Data Science Engineering Manager
Company | PrizePicks |
---|
Location | Atlanta, GA, USA |
---|
Salary | $155000 – $215000 |
---|
Type | Full-Time |
---|
Degrees | Master’s |
---|
Experience Level | Mid Level, Senior |
---|
Requirements
- 3+ years in a people leadership role, managing and growing a team of Associate through Staff level Data Science Engineers/Machine Learning Engineers/ML-focused Software Engineers.
- Extensive experience working cross-functionally with data engineering, data science, product, and engineering teams, as well as external data providers and 3rd party services.
- Proven experience (both personally and in leading a team) in Backend Engineering/Machine Learning Engineering shipping and maintaining production-grade systems for internal tools and product users.
- Experience with simulation frameworks, personalization, and/or near real-time consumer-facing machine learning implementations.
- Strong understanding of software development life cycle principles related to shipping critical and always-on services in the cloud.

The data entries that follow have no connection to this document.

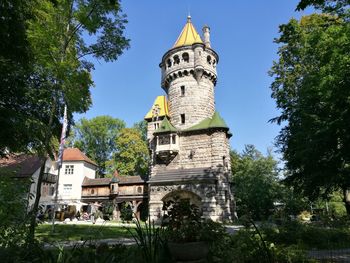 Low angle view of temple against sky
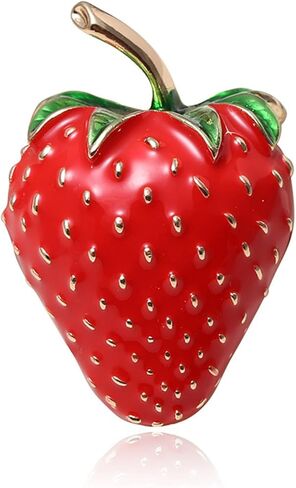 coadipress Cute Strawberry Enamel Brooch Pins for Women Red Strawberry Dripping Oil Fruit Brooches Fashion Elegant Fruit Lapel Pin Badge Jewelry Gift in Kuwait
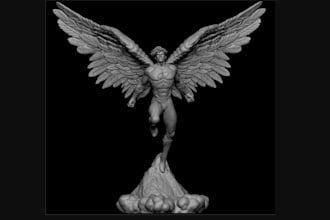 winged 3d character dnd,miniaturerobot,car,action figure,zbrush stl for printing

- Experience/familiarity in most of the following technology/stack areas: Scripting languages: Python, SQL; SQL/NoSQL databases/warehouses: Postgres, BigQuery, BigTable; Cloud platform services in GCP and analogous systems: Cloud Storage, Cloud Compute Engine, Cloud Functions, Kubernetes Engine, Redis; Code testing libraries: PyTest, PyUnit, etc.; Common ML and DL frameworks: scikit-learn, PyTorch, Tensorflow; Modeling methods: classical ML techniques, exposure to deep learning, gradient boosting, bayesian methods, and generative models; MLOps tools: DataBricks, MLFlow, Kubeflow, DVC; Data pipeline and workflow tools: Airflow, Argo Workflows, Cloud Workflows, Cloud Composer, Serverless Framework; Monitoring and Observability platforms: Prometheus, Grafana, Datadog, ELK stack; Infrastructure as Code platforms: Terraform, Google Cloud Deployment Manager, Pulumi; Other platform tools such as FastAPI, Docker, and data visualization tools such as Streamlit or Dash.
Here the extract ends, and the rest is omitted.